We will, however, concentrate on the most famous and popular symbol that might have emerged in the beginning to represent the Dhamma. It is the symbol of the wheel known in Buddhism as the Dhammachakra. We do not if the sutra named after the Chakra came first or the symbol. There is a concept of the wheel- turning emperor known in Indian languages as Chakravarti. That the word Chakravarti existed at the time of the Buddha is clear. The first sutta the Buddha delivered is called Dhamma Chakka Pavattan sutta in Pali. The Buddha turned, but it was not an ordinary turning, it’s exalted perhaps higher turning( compare vatta and pavatta).

The wheel is the wheel of the Dhamma and the turning of it is more than political or territorial. The Dhamma Chakra is also known as Ashoka Chakra and it adorns the Indian flag. Was Ashoka the originator of this symbol that stands for Buddhism?
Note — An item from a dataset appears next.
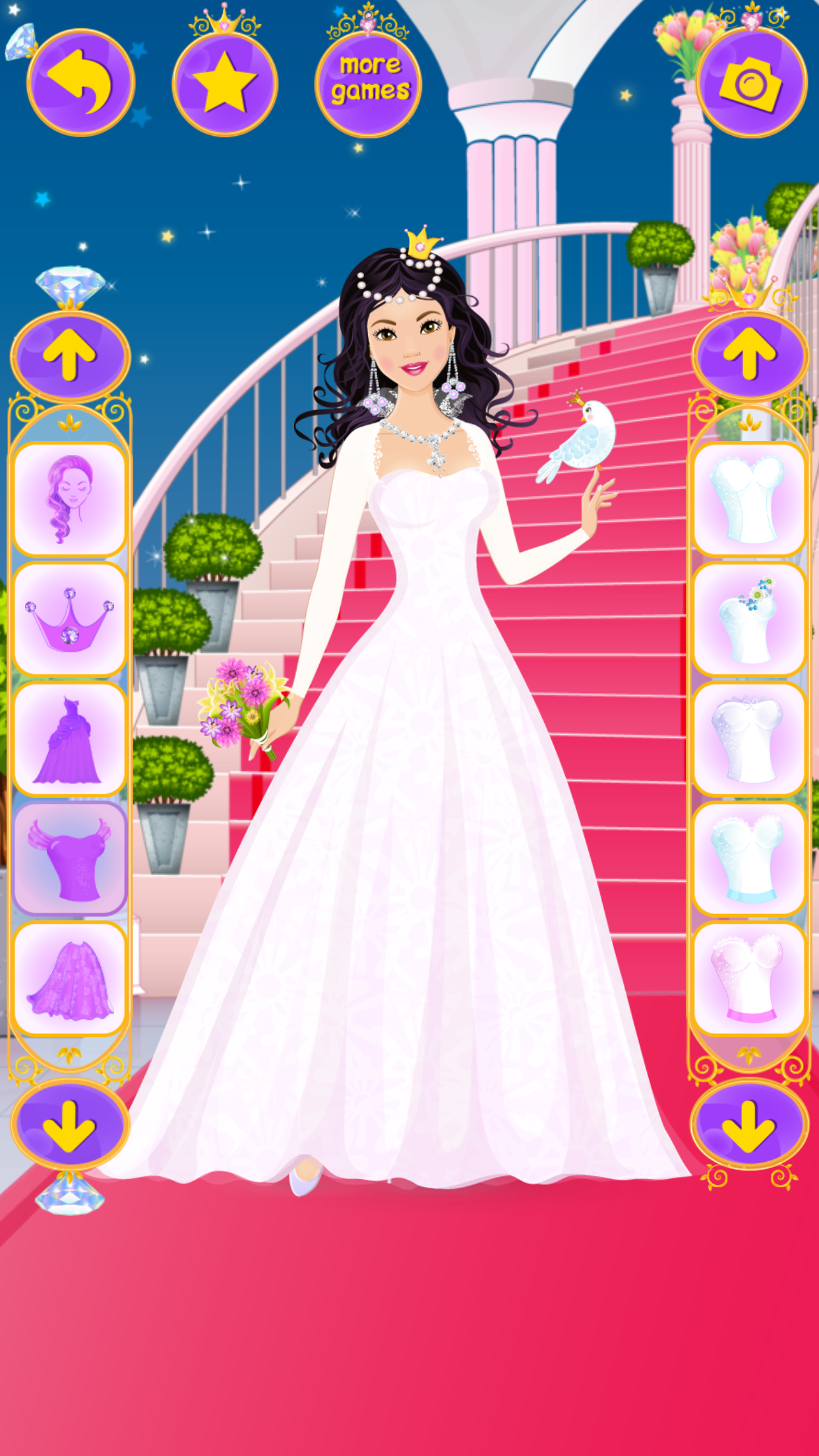 Princess Wedding for Girls screenshot 6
We do not know. What we know for sure is the excessive use of it by Ashoka. Ashoka was the Chakravarti, but more than territorial power, he wanted to acquire Dhammic society. He was Dhammachakravarti.

The symbol of Chakra stands for Buddhism is well known. The Buddha himself was against his personal presentation in the form of an image or statue. He represented his essence of enlightenment through the symbol of Stupa.

Was the Stupa representative of the Buddha and hence the symbol of the Buddha himself?

The answer is yes. And the presence of so many stupas of the Buddha and the previous Buddhas and the enlightened people indicate that the enlightenment might be the common experience of the multitude.

Did Babasaheb consider the Stupa as the symbol for Shakyamuni? This question cannot be just answered. Babasaheb worshipped the image of the Buddha himself and he sculpted and painted the Buddha himself as he visualised.

This brings us to the possible content of the book that Babasaheb Ambedkar planned to write. It would have Buddha images in various mudras (The Buddha and his Dhamma has a very uncommon mudra called tarjani mudra). It would have animals symbolising various qualities of the Buddha. Dhammachakra would be there perhaps with a detailed discussion.

He might also demonstrate revolution and counter-revolution in India through the symbols and their transformation during the conflict between Buddhism and Brahmanism. Perhaps, he would show through this analysis how the Hinduism destroyed, distorted, and where possible appropriated the symbols of Buddhism. From where does the Sudarshana Chakra in the hands of Krishna come? Perhaps these and many issues he would have dealt with. He might have definitely proved through symbols that the Vitthal was nothing but the Buddha and what Hindus worship today in Tirupati is none other than the Buddha.

We can only guess about the content of the book. But with the background of his other books and thoughts, this guess may be perhaps educated and informed one and perhaps close to the analysis of Babasaheb himself.